Bacillus coagulans ATCC 7050 preserves PS amplitude but not fEPSP slope in Aβ1–42-injected rats

Representative traces recorded from the dentate gyrus before and 5 min after high-frequency stimulation (HFS) are shown in Fig. 3. For fEPSP slope, two-way repeated measures ANOVA revealed a significant main effect of time (F(1.558, 31.16) = 51.17, P < 0.0001), but not group (F(3, 20) = 2.954, P = 0.0573), and no significant time × group interaction (F(9, 60) = 1.281, P = 0.266). In the AD group, potentiation at 5 min post-HFS was significantly reduced compared with Sham (P = 0.0274; Fig. 4) and remained impaired throughout the recording period.
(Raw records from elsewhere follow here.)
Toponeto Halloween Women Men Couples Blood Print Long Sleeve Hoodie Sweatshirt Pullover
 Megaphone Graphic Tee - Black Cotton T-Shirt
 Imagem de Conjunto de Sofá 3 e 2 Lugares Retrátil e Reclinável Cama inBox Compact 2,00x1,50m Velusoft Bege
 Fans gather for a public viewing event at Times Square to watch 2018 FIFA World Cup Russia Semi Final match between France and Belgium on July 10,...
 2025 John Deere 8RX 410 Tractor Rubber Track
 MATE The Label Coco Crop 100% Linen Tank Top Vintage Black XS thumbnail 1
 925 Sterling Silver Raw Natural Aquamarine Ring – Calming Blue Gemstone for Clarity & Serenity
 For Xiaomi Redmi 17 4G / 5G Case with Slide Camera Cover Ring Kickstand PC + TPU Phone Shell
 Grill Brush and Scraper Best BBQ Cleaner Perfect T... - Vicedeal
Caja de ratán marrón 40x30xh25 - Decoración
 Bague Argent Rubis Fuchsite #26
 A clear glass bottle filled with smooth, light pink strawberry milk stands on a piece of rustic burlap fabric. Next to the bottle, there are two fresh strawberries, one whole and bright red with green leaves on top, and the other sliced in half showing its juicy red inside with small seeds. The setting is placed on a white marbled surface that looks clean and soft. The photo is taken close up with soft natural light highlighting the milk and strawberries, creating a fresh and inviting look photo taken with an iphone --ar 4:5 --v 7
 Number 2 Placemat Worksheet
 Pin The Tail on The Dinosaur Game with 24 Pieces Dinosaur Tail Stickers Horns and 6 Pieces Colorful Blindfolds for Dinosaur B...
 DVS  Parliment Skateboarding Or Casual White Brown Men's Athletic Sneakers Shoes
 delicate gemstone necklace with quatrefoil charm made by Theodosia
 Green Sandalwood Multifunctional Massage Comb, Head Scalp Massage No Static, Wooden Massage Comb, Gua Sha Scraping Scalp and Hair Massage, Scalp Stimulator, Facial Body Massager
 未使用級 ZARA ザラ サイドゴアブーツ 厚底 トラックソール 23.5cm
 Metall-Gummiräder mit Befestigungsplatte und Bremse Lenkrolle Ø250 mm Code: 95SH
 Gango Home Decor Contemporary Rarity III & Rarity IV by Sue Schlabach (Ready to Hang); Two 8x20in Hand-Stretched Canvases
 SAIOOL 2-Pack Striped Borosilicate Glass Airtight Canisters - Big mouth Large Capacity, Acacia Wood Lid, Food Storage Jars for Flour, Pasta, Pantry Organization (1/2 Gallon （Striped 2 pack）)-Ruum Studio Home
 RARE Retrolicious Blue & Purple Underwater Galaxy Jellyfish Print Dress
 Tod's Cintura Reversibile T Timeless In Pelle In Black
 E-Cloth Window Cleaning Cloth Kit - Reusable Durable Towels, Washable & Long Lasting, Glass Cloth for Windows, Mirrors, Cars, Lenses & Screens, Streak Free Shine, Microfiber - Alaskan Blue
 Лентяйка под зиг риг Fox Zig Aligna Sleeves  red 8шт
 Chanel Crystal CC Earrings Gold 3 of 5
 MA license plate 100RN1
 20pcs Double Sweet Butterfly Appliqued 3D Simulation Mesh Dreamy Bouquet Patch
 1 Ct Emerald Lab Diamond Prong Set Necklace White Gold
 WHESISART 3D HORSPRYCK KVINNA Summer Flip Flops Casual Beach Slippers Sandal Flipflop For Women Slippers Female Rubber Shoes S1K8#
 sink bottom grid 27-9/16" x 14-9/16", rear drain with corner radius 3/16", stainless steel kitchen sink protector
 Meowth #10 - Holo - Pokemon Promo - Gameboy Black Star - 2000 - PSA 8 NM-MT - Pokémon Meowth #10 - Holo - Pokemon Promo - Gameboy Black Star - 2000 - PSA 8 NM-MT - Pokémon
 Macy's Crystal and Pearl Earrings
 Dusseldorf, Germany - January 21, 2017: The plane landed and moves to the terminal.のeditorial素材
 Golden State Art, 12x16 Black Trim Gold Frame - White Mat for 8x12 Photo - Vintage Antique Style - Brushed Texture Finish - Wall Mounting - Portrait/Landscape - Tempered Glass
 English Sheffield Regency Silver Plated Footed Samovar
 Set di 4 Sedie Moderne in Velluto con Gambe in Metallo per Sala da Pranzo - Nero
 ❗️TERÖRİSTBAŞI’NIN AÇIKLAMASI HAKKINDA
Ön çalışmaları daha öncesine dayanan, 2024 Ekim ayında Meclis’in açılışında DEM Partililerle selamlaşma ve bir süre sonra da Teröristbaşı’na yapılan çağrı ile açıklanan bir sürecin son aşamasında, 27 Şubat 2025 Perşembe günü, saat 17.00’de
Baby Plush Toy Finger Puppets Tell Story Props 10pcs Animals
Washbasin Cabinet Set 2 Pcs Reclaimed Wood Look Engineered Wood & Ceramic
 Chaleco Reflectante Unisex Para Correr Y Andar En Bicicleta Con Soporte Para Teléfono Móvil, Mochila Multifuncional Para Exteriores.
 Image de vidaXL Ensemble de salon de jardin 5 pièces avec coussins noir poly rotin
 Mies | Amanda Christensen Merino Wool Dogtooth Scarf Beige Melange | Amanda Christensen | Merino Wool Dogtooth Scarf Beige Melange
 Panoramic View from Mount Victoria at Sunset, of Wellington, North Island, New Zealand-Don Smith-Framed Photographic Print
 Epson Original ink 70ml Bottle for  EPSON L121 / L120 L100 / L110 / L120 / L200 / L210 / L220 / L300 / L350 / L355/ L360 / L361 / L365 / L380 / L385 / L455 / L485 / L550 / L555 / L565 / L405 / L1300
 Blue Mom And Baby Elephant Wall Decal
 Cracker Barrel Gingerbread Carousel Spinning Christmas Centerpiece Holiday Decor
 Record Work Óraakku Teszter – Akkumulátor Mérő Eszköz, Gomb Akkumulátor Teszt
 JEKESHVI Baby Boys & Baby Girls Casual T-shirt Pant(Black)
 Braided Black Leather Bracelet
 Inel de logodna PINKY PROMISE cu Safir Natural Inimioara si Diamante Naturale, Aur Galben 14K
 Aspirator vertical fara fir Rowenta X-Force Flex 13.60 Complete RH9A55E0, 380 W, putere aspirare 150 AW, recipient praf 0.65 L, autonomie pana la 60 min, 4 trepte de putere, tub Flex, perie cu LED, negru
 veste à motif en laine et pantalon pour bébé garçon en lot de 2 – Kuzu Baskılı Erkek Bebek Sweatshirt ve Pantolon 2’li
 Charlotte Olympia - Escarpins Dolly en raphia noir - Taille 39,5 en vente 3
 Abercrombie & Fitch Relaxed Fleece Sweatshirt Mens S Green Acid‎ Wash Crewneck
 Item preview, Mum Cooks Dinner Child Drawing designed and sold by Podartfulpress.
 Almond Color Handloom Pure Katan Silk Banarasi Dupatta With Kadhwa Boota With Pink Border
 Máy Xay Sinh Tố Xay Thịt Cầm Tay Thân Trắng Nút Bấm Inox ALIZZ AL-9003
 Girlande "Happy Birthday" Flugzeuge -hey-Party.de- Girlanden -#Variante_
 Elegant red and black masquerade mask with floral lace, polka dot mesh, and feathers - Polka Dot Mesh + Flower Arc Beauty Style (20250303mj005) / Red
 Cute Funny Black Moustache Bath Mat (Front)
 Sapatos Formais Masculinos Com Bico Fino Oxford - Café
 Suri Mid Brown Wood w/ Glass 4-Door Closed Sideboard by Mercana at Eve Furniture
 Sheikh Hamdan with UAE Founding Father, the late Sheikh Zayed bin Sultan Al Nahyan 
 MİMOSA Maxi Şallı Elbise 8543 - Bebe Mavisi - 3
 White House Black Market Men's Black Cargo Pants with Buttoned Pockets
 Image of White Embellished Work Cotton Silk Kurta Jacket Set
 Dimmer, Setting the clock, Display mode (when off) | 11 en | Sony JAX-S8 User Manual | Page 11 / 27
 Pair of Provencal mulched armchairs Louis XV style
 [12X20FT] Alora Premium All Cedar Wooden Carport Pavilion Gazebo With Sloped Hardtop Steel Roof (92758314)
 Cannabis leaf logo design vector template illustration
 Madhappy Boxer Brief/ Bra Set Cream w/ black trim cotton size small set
Although the elevation of fEPSP slope in the AD + BC group compared to AD at the 5-minute mark was statistically significant (P = 0.033), this effect was transient and not sustained at later time points, suggesting short-term synaptic facilitation rather than stable long-term potentiation.

Fig. 3
figure 3

Sample traces of evoked field potentials in the dentate gyrus (DG) recorded before and 5 min after high-frequency stimulation (HFS) of the perforant pathway (PP) in all experimental groups.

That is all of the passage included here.